Мемуары везучего еврея. Итальянская история - страница 33

стр.

Сегодня ни о чем подобном даже думать невозможно. Но лишь благодаря этой секретности, этому чувству семейной и деревенской чести членам нашей семьи удалось спастись после сентября 1943 года, когда Италия вышла из войны, а немцы оккупировали тот район. За три года до этого вспыхнула война, а я уже был в Палестине. Тогда мои родители уехали из маминого поместья близ Турина и перебрались жить в Говоне, поселок, где мой отец так долго был мэром. Они полагали, что жить там будет безопаснее и дешевле. Моя бабушка приехала вместе с ними, и они заняли часть большого дома, а остальную часть сдали монахиням под их летнее жилье. Кусок земли, еще остававшийся у отца, обеспечивал львиную долю необходимого пропитания семьи. В саду хватало деревьев на дрова, и, хотя в долине внизу был построен большой аэродром, мои родители чувствовали себя в безопасности в своем старом фамильном доме, где их знали и уважали и над которым пролетали самолеты союзников, собиравшихся бомбить Турин, Геную и Милан.

События войны и трагическая судьба евреев не коснулись их, пока в один из октябрьских дней 1943 года главный карабинер не явился к сидевшему, как обычно, в библиотеке отцу, чтобы церемонно объявить ему о том, что ближе к вечеру он придет, чтобы арестовать его, мою мать и сестру. Он не упомянул бабушку, поскольку ее проживание не было зарегистрировано. Меньше чем через три часа мать и сестра, переодетые в монахинь, отправились в близлежащий монастырь. Монастырь был связан с психиатрической больницей, и немцы, как и представители Республики Сало[31], лишь изредка устраивали там поверхностные проверки. Отец пошел в канцелярию мэра, тут же, на месте, получил фальшивые документы и превратился в странствующего коробейника. Он ожидал возможного ареста и как старый солдат был убежден, что наилучший способ не быть схваченным — заняться делом, которое позволит ему находиться в постоянном движении. Соответствующая одежда была уже давно приготовлена и висела у него в шкафу. Он надел тяжелые башмаки, наполнил большой деревянный складной ящик всякой всячиной — шнурками для обуви, бритвенными лезвиями, зубной пастой, кусками мыла — и отправился бродить по полям, переходя в течение ближайших полутора лет от одной фермы к другой. Три раза его арестовывали, однако отпускали после того, как мэр Говоне подтверждал в письме фашистской полиции, что речь идет об известном бродячем торговце, немного психованном, но абсолютно безобидном.

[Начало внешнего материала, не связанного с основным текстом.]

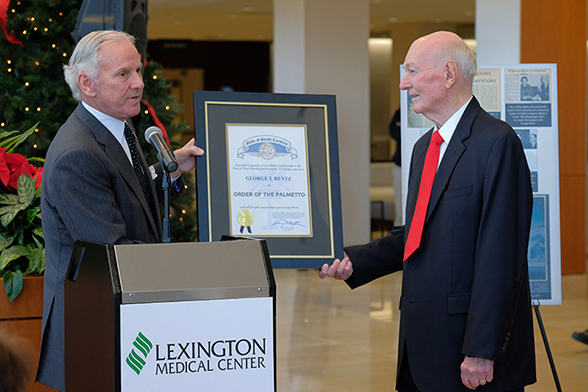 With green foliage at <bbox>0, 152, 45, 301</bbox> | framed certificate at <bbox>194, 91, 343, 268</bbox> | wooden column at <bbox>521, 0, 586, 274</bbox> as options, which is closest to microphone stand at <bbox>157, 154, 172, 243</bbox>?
framed certificate at <bbox>194, 91, 343, 268</bbox>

Для бабушки было невозможно найти подходящее решение. Ей было уже далеко за семьдесят, к тому же у нее был полный склероз, так что ей пришлось остаться в деревне. Когда она выходила, сопровождаемая старой служанкой Маддаленой, гулять в саду замка, много лет назад принадлежавшего ей, то церемонно принимала поклоны проходящих мимо немецких и итальянских офицеров, будучи уверенной, что до сих пор тянется Первая мировая война. В конце концов ее жизнь была спасена благодаря отваге одной из наших жиличек, Микелины Саракко, которая в последние месяцы войны спрятала бабушку у себя, когда нацисты пришли искать ее. Эта гротескная ситуация, продолжавшаяся до конца войны, объединила глубокое чувство человеческой солидарности с не менее глубокой ненавистью к немцам и фашистским республиканцам. Из этого можно понять, какова была связь между нашей семьей и более чем семьюстами жителями Говоне, сумевшими сохранить общий секрет, раскрытие которого могло стоить многим из них жизни. То была ситуация, в которой благодаря войне, но не только по этой причине, социальные и экономические барьеры уступили место сильнейшему, почти животному чувству солидарности, которое, в том, что касается евреев, по-моему, не существовало нигде в западном мире.

Таков был мир, в котором я рос, и мне было трудно, даже после публикации антиеврейских законов 1938 года, почувствовать себя выброшенным из итальянского общества. Через общение с моими новыми друзьями в еврейской школе в Турине я начал отдаляться от воспитанных во мне фашистских идей и понимать горькую судьбу евреев. Но я не мог эмоционально порвать ни с той жизнью, которой я жил в Говоне, ни с воспоминаниями о счастливых днях во Фриули. Из этого маленького реального — но в то же время воображаемого — мира я уехал в 1939 году в Палестину, далекую и неведомую страну. И случай, происшедший в нашей семье и побудивший отца дать согласие на мой отъезд, был весьма драматичным событием, однако вполне согласным с типом жизни, которой я жил до того времени.